2.2. Il secondo motivo fonda sulla violazione di legge in cui sarebbe incorsa la Corte di merito circa la valutazione della prova, perchè non aveva osservato le regole logiche e giuridiche del ragionamento indiziario; la persona offesa si era espressa in termini di mero sospetto circa l’attribuibilità del fatto all’imputato, dicendo che tale sospetto era stato confermato dalla polizia giudiziaria. Chiunque – sostiene il ricorrente – poteva collegarsi alla rete wi-fi del padre dell’imputato ed accedere al profilo Facebook della persona offesa, presidiato da codici di accesso piuttosto comuni; peraltro poteva dubitarsi dell’operatività della norma di cui all’art. 615 ter c.p., perchè la password era stata comunicata all’imputato.
1. Il ricorso è inammissibile.
1.1. Il ricorrente tende a fornire una propria lettura degli accadimenti, pretendendo di valutare, o rivalutare, gli elementi probatori al fine di trarre proprie conclusioni in contrasto con quelle della Corte di appello, operazione non consentita nel giudizio di legittimità. Come si legge nelle motivazioni di Sez. U, n. 22242 del 27/01/2011, Scibè, Rv. 249651, infatti, tale impostazione si risolve nella pretesa di ottenere dinanzi alla Corte di cassazione un giudizio di fatto che non le compete, dal momento che esula dai poteri del Giudice di legittimità quello di una “rilettura” degli elementi di fatto posti a fondamento della decisione, la cui valutazione è, in via esclusiva, riservata al giudice di merito, senza che possa integrare il vizio di legittimità la mera prospettazione di una diversa, e per il ricorrente più adeguata, valutazione delle risultanze processuali.
Secondo un’impostazione pertanto non corretta, i motivi proposti non fanno altro che postulare, del tutto assertivamente, l’esistenza di una diversa realtà fattuale – si pensi al collegamento da remoto al computer di casa – ovvero tendono a reinterpretare le acquisizioni probatorie mediante criteri di valutazione diversi da quelli adottati dal giudice di merito.
Di contro la Corte territoriale ha fornito una motivazione che sfugge alle censure di parte nè palesa errori di diritto, dal momento che è stata correttamente e razionalmente valutata la convergenza tra una serie di elementi: il dato incontestato – riferito dalla parte lesa circa la conoscenza che il prevenuto aveva delle credenziali di accesso a Facebook, la resa dei conti avvenuta mostrando alla moglie, quella mattina stessa, proprio la chat “incriminata” (e poi producendola nel giudizio di separazione) nonchè la circostanza obiettiva della connessione servita per modificare la password, avvenuta dalla casa del padre dell’imputato. Nel contempo, i giudici di appello hanno spiegato altrettanto razionalmente la neutralità del mancato accertamento del posizionamento del cellulare dell’imputato in quella zona e valorizzato la compatibilità logica della condotta di cui l’imputato è accusato con il movente di gelosia che lo animava.

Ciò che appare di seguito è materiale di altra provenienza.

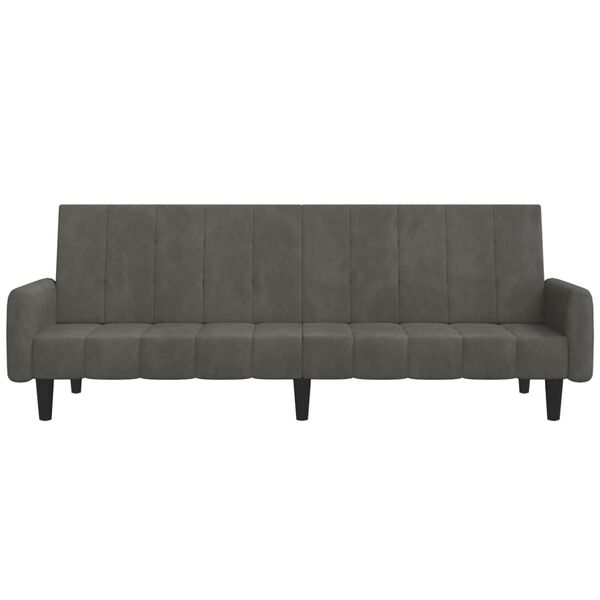 vidaXL Canap&eacute;-lit &agrave; 2 places Gris fonc&eacute; Velours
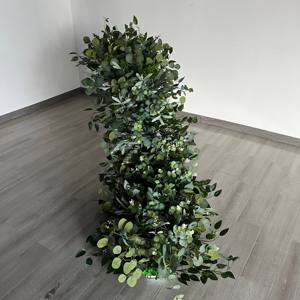 D-FR164 Vente chaude : chemin de table de mariage en fleurs de gypsophile, chemin de table de luxe, grande arche de fleurs, soie artificielle pour la décoration - Product Image 6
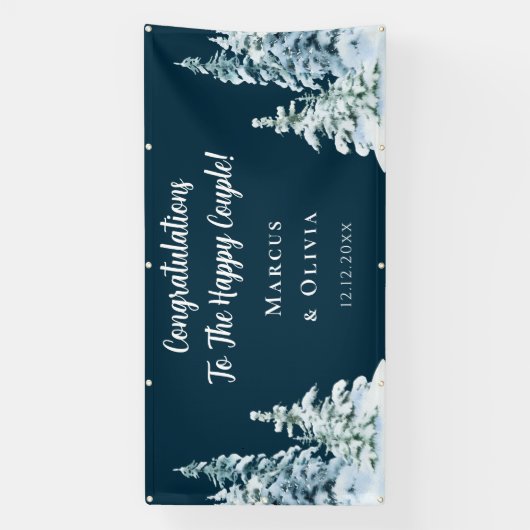 Herzlichen Glückwunsch Winter Verlobung Hochzeit Banner (Vertikal)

1.2. Va altresì affrontato un tema che il ricorrente ha posto, vale a dire quello della valenza a discarico dell’avvenuta comunicazione delle credenziali all’imputato da parte della moglie prima del lacerarsi della loro relazione, segnalando peraltro che non risulta chiaramente dalla sentenza impugnata quale sia stato il veicolo di conoscenza (se le credenziali non le avesse comunicate la OMISSIS, evidentemente sarebbe esclusa in radice la possibilità di discutere di un’eventuale autorizzazione, ancorchè implicita, all’accesso).
A prescindere da quest’ultima riflessione, giova comunque osservare che, come già affermato da questa sezione in un caso analogo al presente (Sez. 5, n. 52572 del 06/06/2017, P.F., non massimata), la circostanza che il ricorrente fosse a conoscenza delle chiavi di accesso della moglie al sistema informatico quand’anche fosse stata quest’ultima a renderle note e a fornire, così, in passato, un’implicita autorizzazione all’accesso – non escluderebbe comunque il carattere abusivo degli accessi sub iudice. Mediante questi ultimi, infatti, si è ottenuto un risultato certamente in contrasto con la volontà della persona offesa ed esorbitante rispetto a qualsiasi possibile ambito autorizzatorio del titolare dello ius excludendi alios, vale a dire la conoscenza di conversazioni riservate e finanche l’estromissione dall’account Facebook della titolare del profilo e l’impossibilità di accedervi. Tale interpretazione è confortata dalla recente Sez. U, n. 41210 del 18/05/2017, Savarese, Rv. 271061, che sia pure rispetto ad una situazione diversa – ha valorizzato contra reo la forzatura dei limiti dell’autorizzazione concessa dal titolare del domicilio informatico da parte di soggetto autorizzato ad accedervi.
2. Il ricorso va quindi dichiarato inammissibile; ne consegue la condanna del ricorrente, ai sensi dell’art. 616 c.p.p., al pagamento delle spese del procedimento e al versamento della somma di Euro 2.000,00 in favore della Cassa delle ammende, così equitativamente determinata in relazione ai motivi di ricorso che inducono a ritenere la parte in colpa nella determinazione della causa di inammissibilità (Corte cost. 13/6/2000 n.186).
Il ricorrente deve altresì essere condannato alla rifusione delle spese sostenute dalla parte civile nel presente grado, che si liquidano in complessivi Euro 2932,83 oltre accessori di legge, disponendone il pagamento a favore dello Stato D.P.R. 30 maggio 2002, n. 115, ex art. 110, comma 3, giacchè risulta che la parte civile è stata ammessa al patrocinio a spese dello Stato.
3. La natura dei rapporti oggetto della vicenda impone, in caso di diffusione della presente sentenza, l’omissione delle generalità e degli altri dati identificativi.

P.Q.M.

dichiara inammissibile il ricorso e condanna il ricorrente al pagamento delle spese del procedimento e della somma di Euro 2000,00 a favore della Cassa delle ammende, nonchè al rimborso delle spese sostenute dalla parte civile, che si liquidano in complessivi Euro 2932,83 oltre accessori di legge, disponendone il pagamento a favore dello Stato.